▶ _Task brief_
Print the listing from its top line through the line containing "Детская кофта Mayoral", nothing more, and leave out the pictures.

▶ _The records_

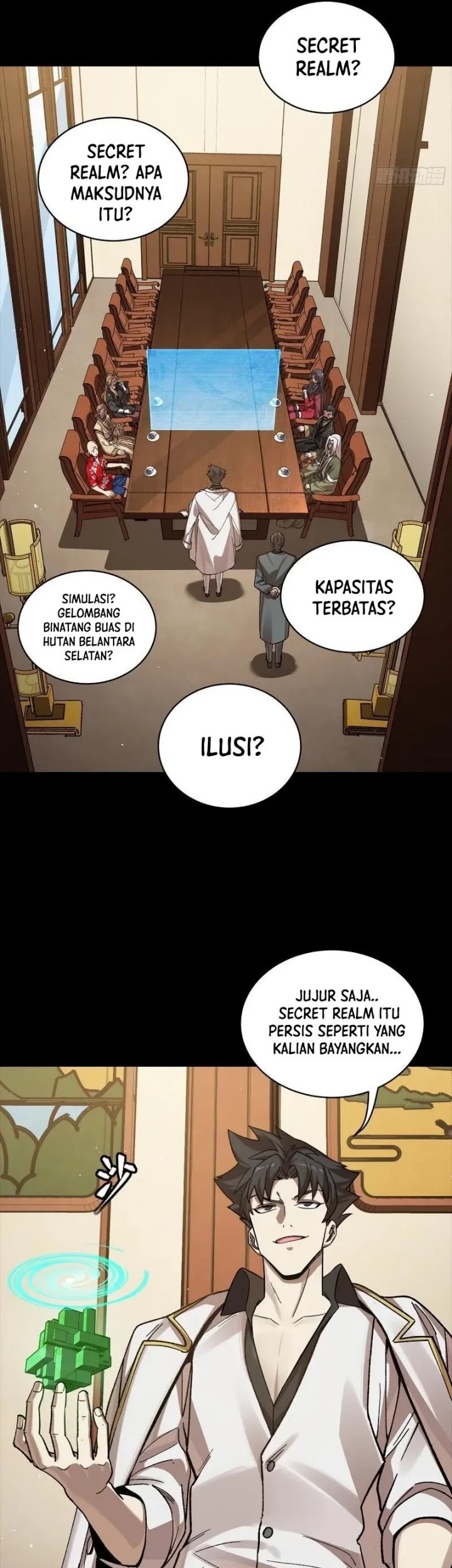 Halaman 45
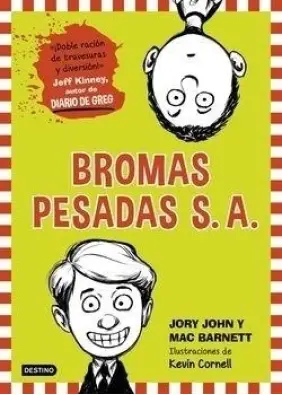 Imagen del producto 9788408141532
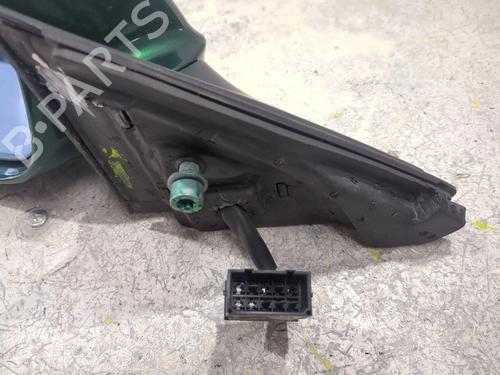Lusterko boczne lewe AUDI A3 (8L1) 1.8 | BP29708019C26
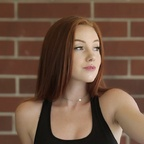 sunflowerkate (Sunflower Kate) free OnlyFans Leaked Pictures & Videos 

 profile picture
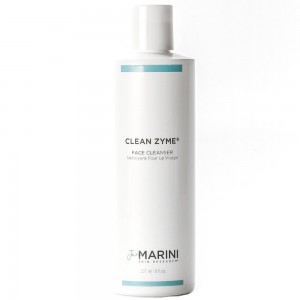 Jan Marini Professional Clean Zyme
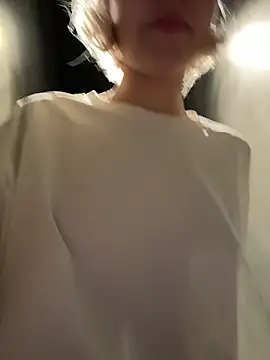 AshleyMur লাইভ XXX চ্যাট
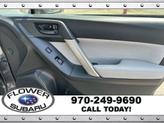 Thumbnail of 2017 Dark Gray Metallic Subaru Forester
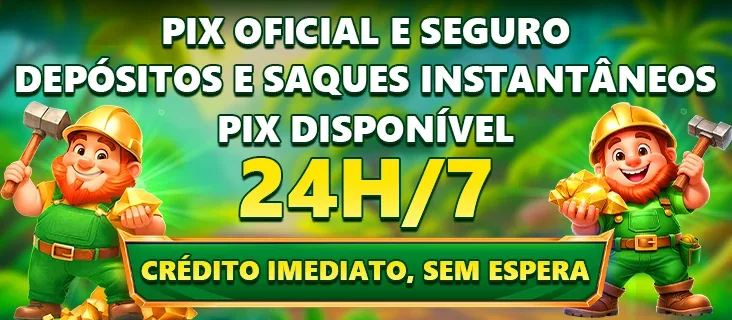 Então, vá em frente e tente a sorte nas máquinas caça-níqueis hoje mesmo! GKBET Legit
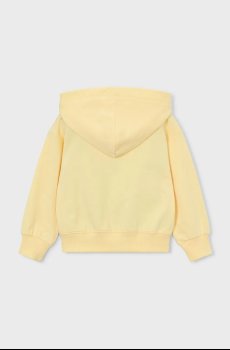 Детская кофта Mayoral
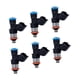 thumbnail image 3 of Boquilla De Inyectores De Combustible 2211217 Accesorios Para Fusion 3.0L 2009-2012, 3 of 8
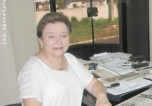 Nanci Pissini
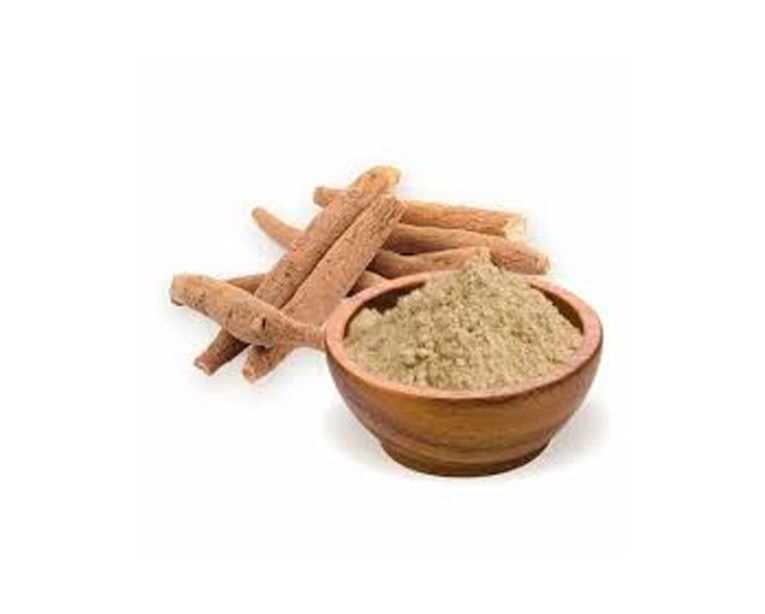 ashwagandha powder 100g - vfc
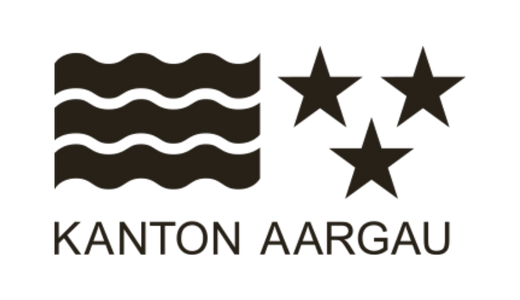 Aargauer Department Bau, Verkehr und Umwelt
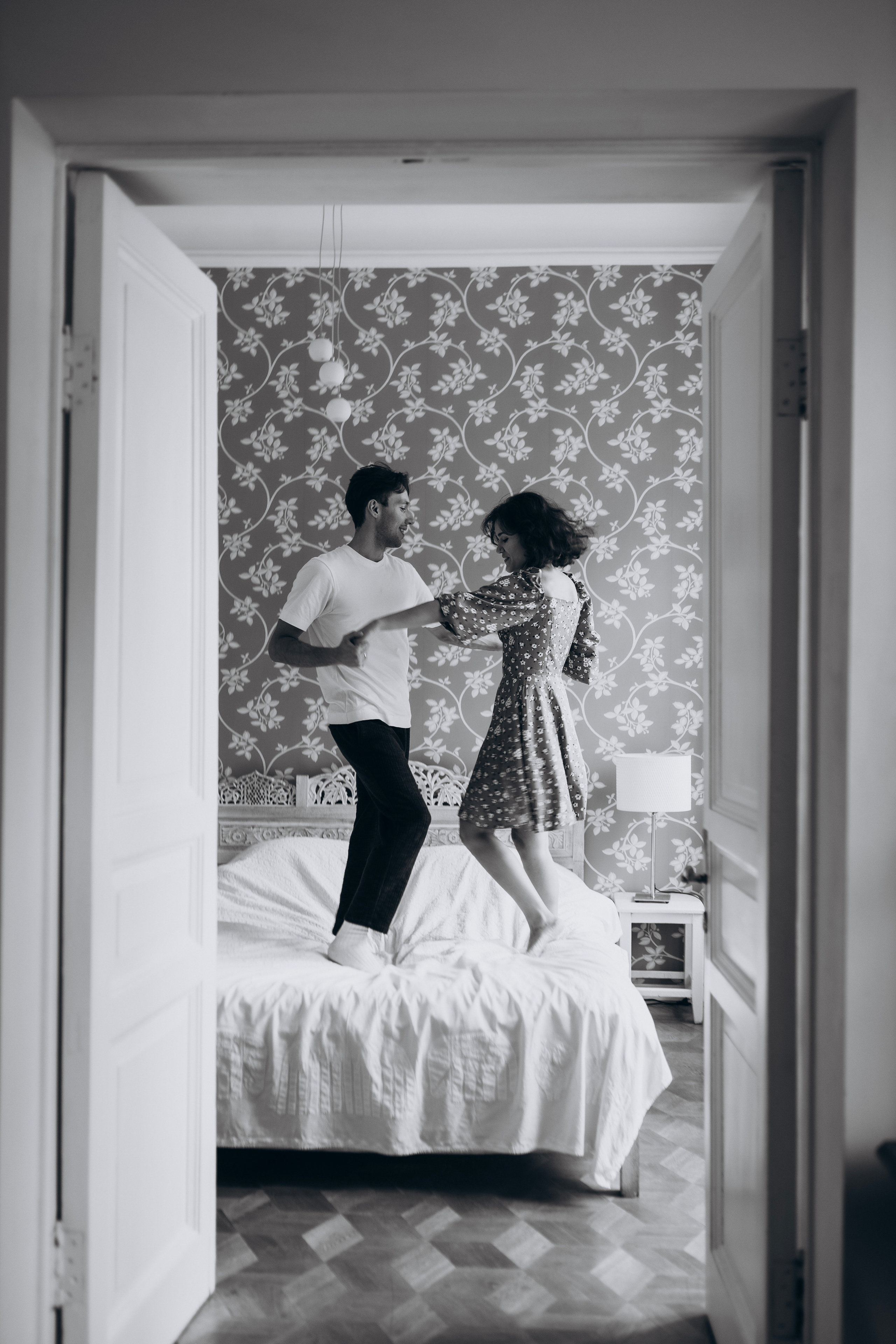 С любовью, Питер. Мария Беседина. Фотография о любви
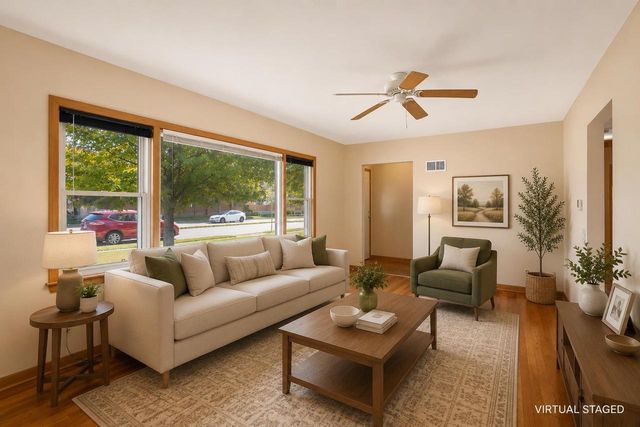 6741 Century Avenue, Middleton, WI 53562
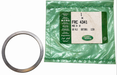 FRC4341 - Gearbox Shim – LT77 – 1.93mm  by Land RoverTransmission or Gearbox Part Land Rover Range Rover Defender, Discovery, Range Rover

▶ _Answer_
 Halaman 45
 Imagen del producto 9788408141532
Lusterko boczne lewe AUDI A3 (8L1) 1.8 | BP29708019C26
 sunflowerkate (Sunflower Kate) free OnlyFans Leaked Pictures & Videos 

 profile picture
 Jan Marini Professional Clean Zyme
 AshleyMur লাইভ XXX চ্যাট
 Thumbnail of 2017 Dark Gray Metallic Subaru Forester
 Então, vá em frente e tente a sorte nas máquinas caça-níqueis hoje mesmo! GKBET Legit
 Детская кофта Mayoral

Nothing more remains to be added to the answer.